Solidarity with all survivors: domestic violence and sex work
Saturday, May 28, 2016
At Sisters Uncut, we have been working to develop our organisational position on sex work. After a lot of thinking and discussion, we have concluded that it is a vital issue of safety and justice to support sex workers in their call for the full decriminalisation of sex work. This blog seeks to highlight why this topic is of relevance to us, as an organisation that is focused on domestic violence, and to explain our thinking.
If you’re wondering why we are not supporting the Nordic model or ‘sex buyer law’, the short answer is that we don’t believe that pushing already precarious women (and people of other genders) further into poverty makes them safer. You can read in more detail about our stance here.
Sex work policy is a fraught issue within the women’s movement. However, this conversation is relevant to Sisters Uncut because criminalisation and stigma create additional barriers to help for sex working women (or people of any gender) who are experiencing domestic violence. As it stands, the police may dismiss reports of domestic violence from sex workers, or even threaten to arrest those making reports of violence for soliciting or loitering. Indoor sex workers are also routinely targeted for arrest and prosecution on the basis that two sex workers sharing a flat for safety are ‘brothel-keeping’, and they can both be charged as such. This criminalisation means sex workers are fearful of drawing police attention to themselves for any reason, and are therefore less able to contact the police if they are also experiencing domestic violence.
Furthermore, many sex workers fear that leaving their abusive partner will mean losing contact with their children, as child custody battles are a documented way for abusers to continue to exert power over former partners. Sex workers going into the family courts system have little faith that their line of work will not be used against them the perpetrator, and held against them by the courts.

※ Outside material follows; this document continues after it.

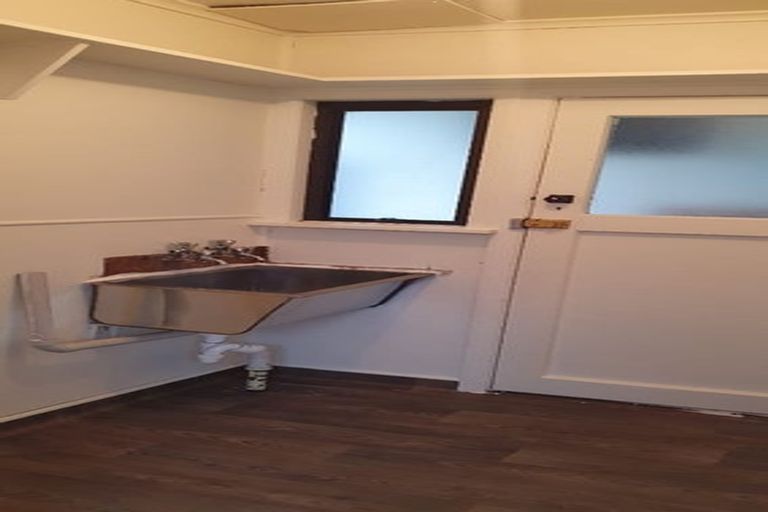 Photo of property in 18-24 Percy Spiller Avenue, Maraenui, Napier, 4110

Finally, sex workers in the UK often have limited access to housing, as laws around “living on the avails” can criminalise any landlord who knowingly takes rental income from a sex worker. Although prosecutions are rare, many letting agents and landlords refuse to rent to sex workers, pushing sex workers into potentially exploitative relationships with less regulated landlords. Even access to social housing can be blocked – for instance, the 2014 Housing (Scotland) Act contains clauses which de-prioritise anyone with a prostitution-related conviction, including for soliciting, as well as a broader ‘immorality clause’ that again de-prioritises sex workers.

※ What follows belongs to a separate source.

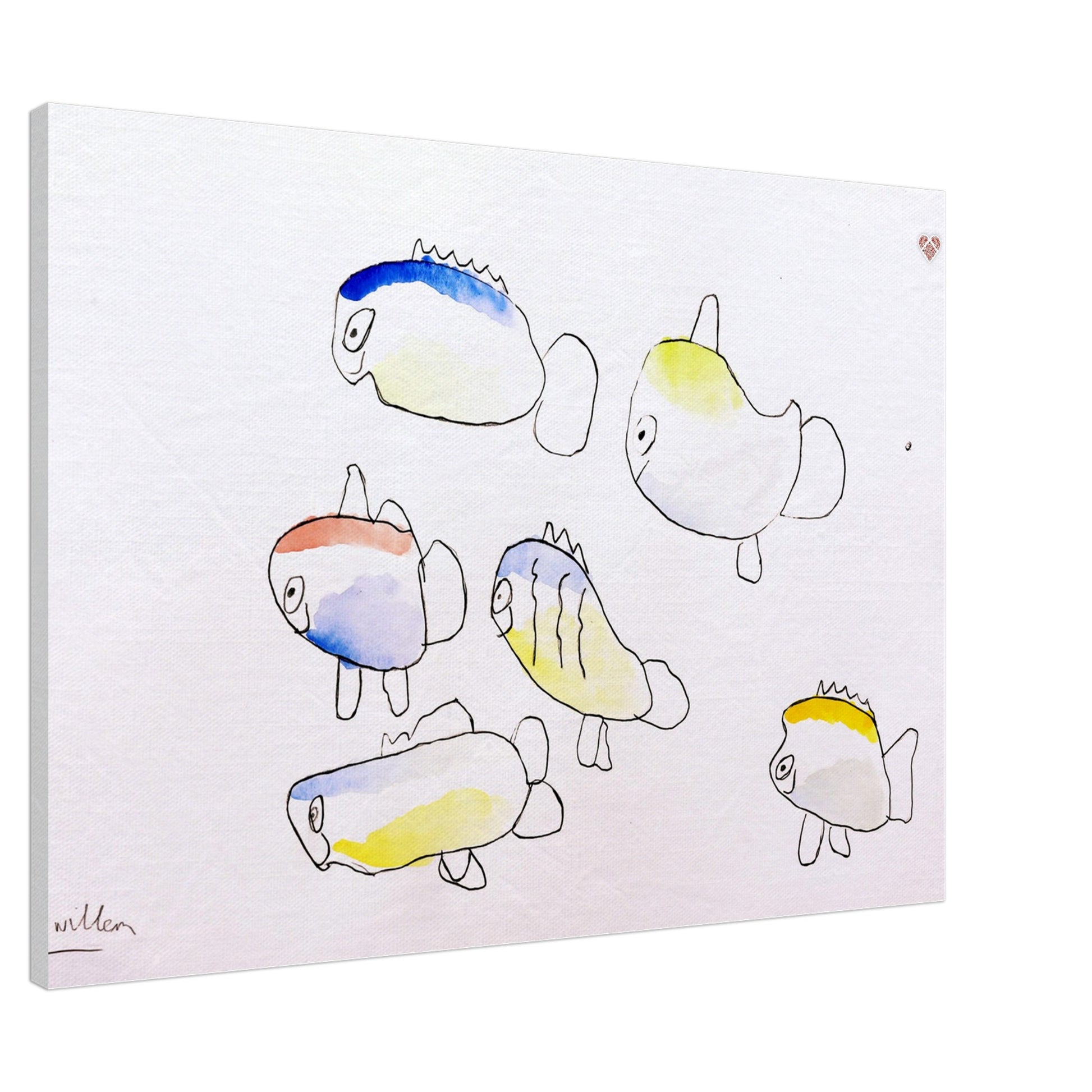 6358fba1-b9dc-4da4-9817-44d9a4ac5d79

All of the above issues are clear examples of ways in which sex working domestic violence survivors have their rights to safety and justice blocked, and as such campaigning for change here falls well within our organisational remit as a group concerned with safety and justice for people experiencing domestic violence. The problems that we have outlined are compounded for many people who sell sex: for instance, if in addition to selling sex they are undocumented, drug-using, women of colour, disabled, or LGBTQ they may have even greater fear that they will be disbelieved, or criminalised, should they seek help.

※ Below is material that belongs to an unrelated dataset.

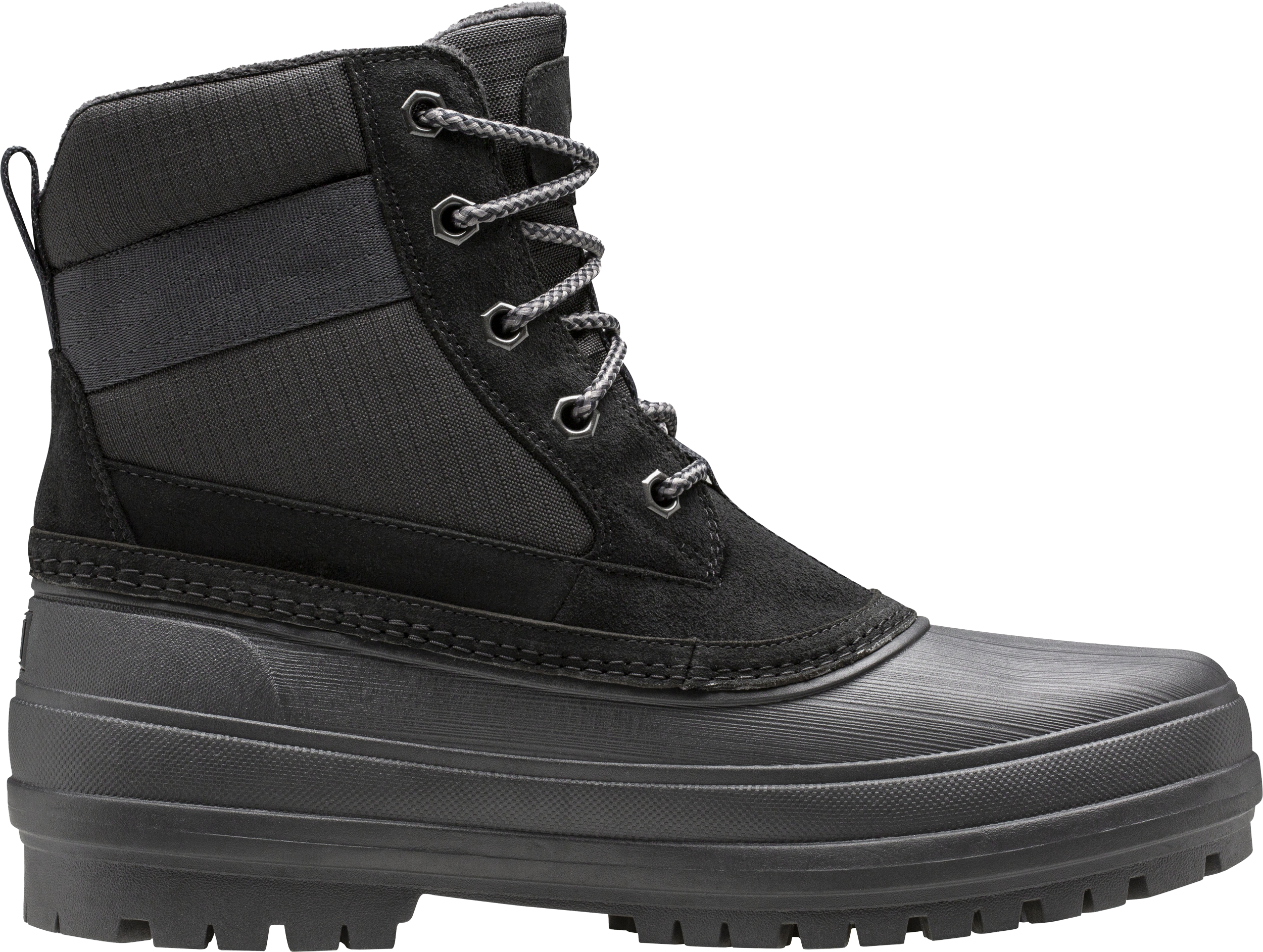 HELLY HANSEN, M Fraser Mid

Sex worker-led organisations in the UK have an analysis that takes seriously questions of criminalisation, safety, and poverty. Sisters Uncut support the sex worker movement in their self-organisation, and in their demands, which include full decriminalisation, as well as labour rights, migrants’ rights, drug policy based on evidence and in harm reduction, and an end to benefit cuts, poverty and austerity. In particular, we back the sex worker movement in their calls for:
- The repeal of soliciting and loitering laws which directly criminalise street-based sex workers, and the end of ASBOs and ‘prostitute cautions’;
- The repeal of laws against kerb-crawling, which endanger street-based sex workers – where a client is jumpy and stressed, the worker has less time to assess him, discuss services, or note down his car number-plate before getting into his car;
- The repeal of brothel-keeping laws so that sex workers can work together indoors in small groups for safety without fearing arrest, and so where sex workers work for a manager, that manager is subject to labour laws that have been set by sex workers;
- The repeal of laws that criminalise sex workers’ partners, housemates, and even the maids or drivers that they might employ for their safety. While relatively rarely used, these laws mean sex workers are fearful of taking the security measures they might wish to use, and of drawing police attention to themselves;
- The ability for sex workers to meaningfully unionise and organise in their workplaces in order to improve their working conditions; a right that is currently out of reach in any real sense as it is not possible to organise for better conditions in a criminalised workplace;
- An end to benefit cuts and sanctions, an end to austerity, and serious and sustained anti-poverty measures to ensure that no one is pushed into sex work through financial need; and
- A paradigm shift in anti-trafficking. Currently, the criminalisation of migration pushes migrants into exploitative relationships with third parties from whom they seek help to cross borders, and the state’s response is further policing and crackdowns, sometimes in the name of “rescue”. We support migrant sex workers – and all migrants – in their right to cross borders and to work, and we join the sex worker rights movement in calling for legal rights and labour rights – not criminalisation – as the key to tackling exploitation of migrant workers in all industries.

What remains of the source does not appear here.